Excerpts from a dataset
[Start of section]

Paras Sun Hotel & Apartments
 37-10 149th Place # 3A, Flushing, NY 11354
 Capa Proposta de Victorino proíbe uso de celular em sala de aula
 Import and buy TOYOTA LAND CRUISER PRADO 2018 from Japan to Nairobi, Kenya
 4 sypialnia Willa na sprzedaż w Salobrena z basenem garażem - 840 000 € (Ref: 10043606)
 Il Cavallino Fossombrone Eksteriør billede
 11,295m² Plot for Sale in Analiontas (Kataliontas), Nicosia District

[End of section]

Beginning with the line that contains "Il Cavallino Fossombrone Eksteriør billede" and ending with the last line of the data above, return those lines exactly and nothing else.

 Il Cavallino Fossombrone Eksteriør billede
 11,295m² Plot for Sale in Analiontas (Kataliontas), Nicosia District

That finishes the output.